En mi caso, Ray Bradbury fue mi gran amigo literario. Nos conocimos en la adolescencia, nos presentó un bombero que en lugar de apagar fuegos quemaba libros en esa preciosa novela que es Farenheit 451, y acosados por ladridos y sirenas policiales ambos nos refugiamos en un bosque en el que vivían unos seres llamados "hombres libro", cuya objetivo vital consistía en memorizar un libro, el suyo, el que más le marcó en sus lecturas, para salvarlo de las llamas. A partir de ese momento Ray y yo nos hicimos inseparables; su abundante producción narrativa nos unió durante décadas. Viajamos a Marte y allí descubrimos que los marcianos no son esos horribles seres antenudos y cabezones de piel verde que nos han hecho creer, sino unos hermosos individuos que se desplazan grácilmente navegando sobre la arena y contemplándonos desde la tristeza de sus ojos de plata, según nos describió en Crónicas marcianas. Conocimos a mil personajes especiales, sensibles, diferentes que salpicaban todos esos cuentos magistrales de tantos libros de relatos increíbles: El vino del estío, El carnaval de las tinieblas...

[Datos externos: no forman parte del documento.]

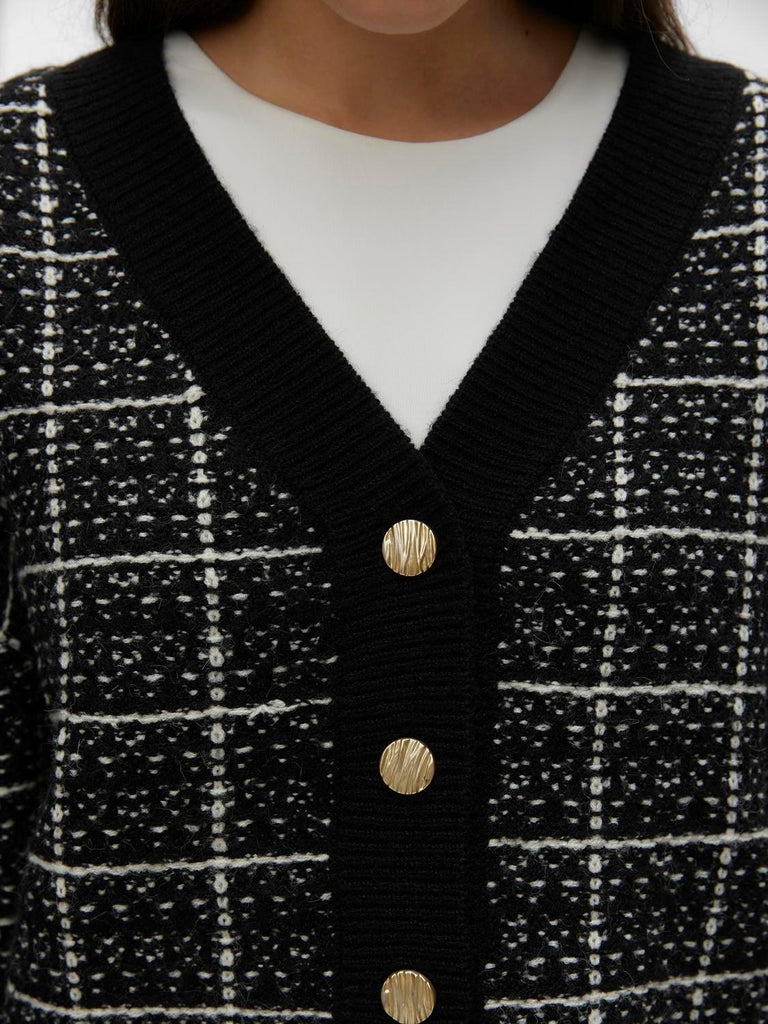 VERO MODA VMKIA LS V-NECK CROP CARDIGAN CO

Nuestra relación llegó a ser tan íntima que siempre pensé, por muy descabellada e irracional que fuera la idea, que algún día cogería un avión, cruzaría el Atlántico, y me acercaría a él en alguna de las ferias de ciencia-ficción en las que se dejaba ver de vez en cuando para sonreirle, mirarle a los ojos y decirle simplemente: "Gracias, Ray", y, quizás, darle un abrazo. Hoy me he enterado de que ya no podrá ser, de que Bradbury cogió su último vuelo a Marte anoche, a los noventa y un años; y no he podido evitar sentirme un poco más sola. Afortunadamente, siempre podré abrir uno cualquiera de sus libros -todos los tengo a mano, en mi librería- y leer algunas líneas para sentirlo cerca, como...
"...algún día la Tierra será como Marte es ahora. La vida en Marte nos devolverá la cordura; será como una lección práctica de civilización. Aprenderemos de Marte."